1
General Discussion / cloning speed issues with Azure DevOps Repo
« on: October 24, 2024, 04:07:07 pm »
i know this is a long shot; help would be appreaciated no matter what.
im out of ideas.
we already tried everything on the azure-devops side.
i still want to restart the whole setup;
TL;DR
we're experiencing slow cloning speeds (6 mbit/s) from azure devops when using lacp-lagg on opnsense in a production environment. testing shows that bypassing opnsense or using a different (local) uplink improves speeds significantly. the issue seems specific to this setup, as public repos clone at expected speeds. replicated tests in a similar environment did not reproduce the issue. potential factors include lagg configuration, cascading nat, or something specific to azure devops.
#### problem description:
we're encountering slow cloning speeds (around 6 mbit/s) when cloning our private repository from azure devops in a production environment. this setup consists of a axge lacp-lagg on an opnsense DEC2750 appliance as the gateway for machines in a vlan-trunked subnet, connecting several proxmox-pve server with sfp+ connections, cascaded with a fritzbox 5g. this setup is far from optimal but for now we have to work with it. the problems somehow started when moving to the lacp-lagg, but might be completely unrelated. switching is done by two HP 5900AF 48XG stacked via IRF.

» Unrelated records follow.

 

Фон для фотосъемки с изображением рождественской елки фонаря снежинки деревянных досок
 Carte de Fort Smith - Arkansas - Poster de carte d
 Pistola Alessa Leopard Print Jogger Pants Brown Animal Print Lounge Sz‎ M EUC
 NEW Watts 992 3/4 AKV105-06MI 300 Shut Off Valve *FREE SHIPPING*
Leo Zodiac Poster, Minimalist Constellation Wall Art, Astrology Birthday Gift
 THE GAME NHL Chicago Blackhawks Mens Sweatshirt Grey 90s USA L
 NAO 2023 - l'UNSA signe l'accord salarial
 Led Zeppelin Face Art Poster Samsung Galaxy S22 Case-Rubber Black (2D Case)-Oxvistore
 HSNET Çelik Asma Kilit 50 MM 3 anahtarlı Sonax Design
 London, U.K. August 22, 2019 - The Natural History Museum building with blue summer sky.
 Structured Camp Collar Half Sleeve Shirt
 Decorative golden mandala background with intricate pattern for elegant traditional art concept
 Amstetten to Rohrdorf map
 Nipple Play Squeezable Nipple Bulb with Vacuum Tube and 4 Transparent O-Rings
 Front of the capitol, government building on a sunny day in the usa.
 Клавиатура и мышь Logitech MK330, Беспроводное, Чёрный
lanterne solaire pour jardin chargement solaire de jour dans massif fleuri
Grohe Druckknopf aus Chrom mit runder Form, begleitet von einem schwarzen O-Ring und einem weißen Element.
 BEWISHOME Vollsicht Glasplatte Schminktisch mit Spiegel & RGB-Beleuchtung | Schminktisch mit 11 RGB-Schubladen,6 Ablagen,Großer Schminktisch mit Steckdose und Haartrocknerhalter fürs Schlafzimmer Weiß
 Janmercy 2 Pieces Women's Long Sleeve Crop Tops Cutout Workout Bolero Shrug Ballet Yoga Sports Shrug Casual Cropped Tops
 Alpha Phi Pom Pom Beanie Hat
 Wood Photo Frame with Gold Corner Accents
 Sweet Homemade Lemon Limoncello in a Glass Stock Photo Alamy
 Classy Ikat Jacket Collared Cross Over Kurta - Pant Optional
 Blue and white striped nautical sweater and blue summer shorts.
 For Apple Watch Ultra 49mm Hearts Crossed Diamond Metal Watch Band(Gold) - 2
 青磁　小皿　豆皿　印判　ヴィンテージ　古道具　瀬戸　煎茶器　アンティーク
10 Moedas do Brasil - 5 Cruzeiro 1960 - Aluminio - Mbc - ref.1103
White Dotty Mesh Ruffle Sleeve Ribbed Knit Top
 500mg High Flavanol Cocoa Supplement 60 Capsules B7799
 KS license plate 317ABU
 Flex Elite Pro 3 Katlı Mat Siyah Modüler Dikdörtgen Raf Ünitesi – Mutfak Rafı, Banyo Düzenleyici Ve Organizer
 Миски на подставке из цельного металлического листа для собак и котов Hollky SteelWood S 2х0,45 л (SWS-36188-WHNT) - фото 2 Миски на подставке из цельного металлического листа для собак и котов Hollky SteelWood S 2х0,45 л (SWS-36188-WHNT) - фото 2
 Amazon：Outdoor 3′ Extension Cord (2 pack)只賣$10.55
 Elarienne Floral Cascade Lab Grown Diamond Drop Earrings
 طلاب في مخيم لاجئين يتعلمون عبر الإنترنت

#### production environment testing:
-lagg trunk performance: peer-to-peer (pve-to-pve) bandwidth tests using iperf show expected speeds of around 10 gbit/s. when passing or testing the opnsense appliance directly, it drops to around 2 gbit/s single-threaded. i read that single-thread iperf tests might not be very realistic so i multi-threaded which caps at around 5gbit/s.
-build servers: cloning on both windows and linux virtual machines via the opnsense lagg setup results in the slow speeds mentioned. however, switching to a (exclusive switched) different subnet improves the speed by a factor 10. using a dedicated uplink to the fritzBox provides expected cloning speeds. interestingly, cloning a public repository (e.g., wireshark) also achieves much faster speeds from wherever in the setup. speedtests on all machines (vms, hosts, opnsense itself) reaching speeds as they should be (maximum provided by fritzBox).
#### test environment insights:
to investigate, we replicated the setup in a test environment, with a single switch and a stack, but the issue could not be consistently reproduced. uplink was also cascaded NAT. i played with tunables and all lacp setting available on switch, opnsense and pve-host. no difference at all, except for +5%~ more throughput via opnsense after some tunable settings.
-lagg bandwidth: testing with iperf shows that a single thread on the lagg trunk via opnsense reaches around 2 gbit/s, while multi-threading improves performance to about 6 gbit/s.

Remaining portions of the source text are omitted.